Along Came Polly

Along Came Polly. Jersey Films 2004.

Before watching the movie:

I think I was aware of this movie as a title floating out there, but that was pretty much the end of it. Even watching a trailer, I thought this was There’s Something About Mary for a moment. I wouldn’t have expected Ben Stiller and Jennifer Aniston to appear together in anything.

Total opposites romantic comedies, especially where the cautious guy’s world is opened by a wildcard girl, are pretty common (off the top of my head, Something Wild fits the bill), but what the concept reminds me the most of is Yes Man. It’s something about the mix of extreme activities that he never would have agreed to without this change in his life, I think. I don’t really have a whole lot more to say about a movie I barely knew existed, just how much it reminds me of more well-regarded movies.

After watching the movie:

Reuben Feffer was always afraid of the chance of something bad happening, so he became a life insurance assessor. Having just married his very safe real estate agent wife Lisa, they go on their honeymoon in the Caribbean, and on day one, Lisa leaves him for a scuba instructor. Back at home, Reuben would prefer to wallow in misery in the house he just overpaid for as a surprise for Lisa, but his friend Sandy, an actor who was in one thing everyone knows in the 80s and is still trying to turn that into long term success, invites him to a friend’s art show, where Reuben finds his old classmate Polly Prince working as one of the servers. Not remembering much more about her than that she was on the math team, he invites her on a date, and she chooses a Moroccan restaurant that Reuben does not object to despite the spicy food not mixing well with his IBS. It turns out Polly leads a very wild life, and despite how terrifying Reuben finds pretty much everything she considers fun, he goes along with it and sometimes even enjoys it. Meanwhile at work, Reuben has been given the big job of finding a way to justify selling a big life insurance policy to an eccentric billionaire adrenaline junkie CEO who needs life insurance in order to be allowed to stay as CEO. Just as things are going really well with Polly, Lisa comes home saying she made a mistake and wants to be with Reuben again, leaving him torn between the woman who seems safe and familiar and is already married to him and the exciting Polly who makes him feel alive but isn’t really the marrying kind.

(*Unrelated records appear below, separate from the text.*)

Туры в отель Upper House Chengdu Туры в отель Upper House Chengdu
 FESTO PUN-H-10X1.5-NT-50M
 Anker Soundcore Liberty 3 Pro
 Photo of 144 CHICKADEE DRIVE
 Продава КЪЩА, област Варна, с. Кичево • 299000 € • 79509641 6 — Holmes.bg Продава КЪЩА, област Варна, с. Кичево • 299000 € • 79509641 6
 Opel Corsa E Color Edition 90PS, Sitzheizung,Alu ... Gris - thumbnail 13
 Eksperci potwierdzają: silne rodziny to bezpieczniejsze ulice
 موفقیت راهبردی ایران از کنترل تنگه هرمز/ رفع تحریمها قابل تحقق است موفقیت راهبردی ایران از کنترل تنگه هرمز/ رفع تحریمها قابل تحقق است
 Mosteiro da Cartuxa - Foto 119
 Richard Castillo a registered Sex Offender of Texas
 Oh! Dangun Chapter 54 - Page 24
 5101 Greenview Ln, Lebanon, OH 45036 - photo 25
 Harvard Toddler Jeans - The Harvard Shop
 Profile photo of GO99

This runs on farce. Characters get thrown into ridiculous situations and try to pretend they’re normal. Personalities are cartoonish. There’s something about this kind of comedy where it never really feels grounded because not even the protagonist is really fully sane. Apparently it was made by some of the same people who made Meet The Parents, and I get the sense it’s trying to capture the same chaotic energy, but it doesn’t hit the mark and I can’t fully put my finger on what it’s missing.

This feels both of its time and yet I don’t think it really puts down any groups except for perhaps super rich people. When Reuben gets up the nerve to tell Polly’s sensual salsa dancing partner that he doesn’t appreciate another man acting that way in public with his girlfriend even though Reuben himself doesn’t dance because he doesn’t know anything about salsa dancing, the other guy just says he’s gay and Reuben’s response is “oh. Can you give me salsa lessons then?” Which is the last thing I would’ve expected from a 2004 movie. I wonder if that acceptance the whole movie has of all walks of life comes from the Jewish experience that seems a little more present than Reuben and Lisa just having a Jewish wedding, or whether it’s more related to the story’s philosophy of getting out of your comfort zone and embracing the things that seem scary.

This is another movie that leaves me mostly thinking of other movies with bigger legacies. It doesn’t quite arrive at what it’s trying to do, but the failure to gel is difficult to explain. Maybe it really is the chemistry levels between the leads, but mostly I think the fault is in the comedic exaggerations feeling overinflated. This was fun, but not something I’ll be eager to come back to.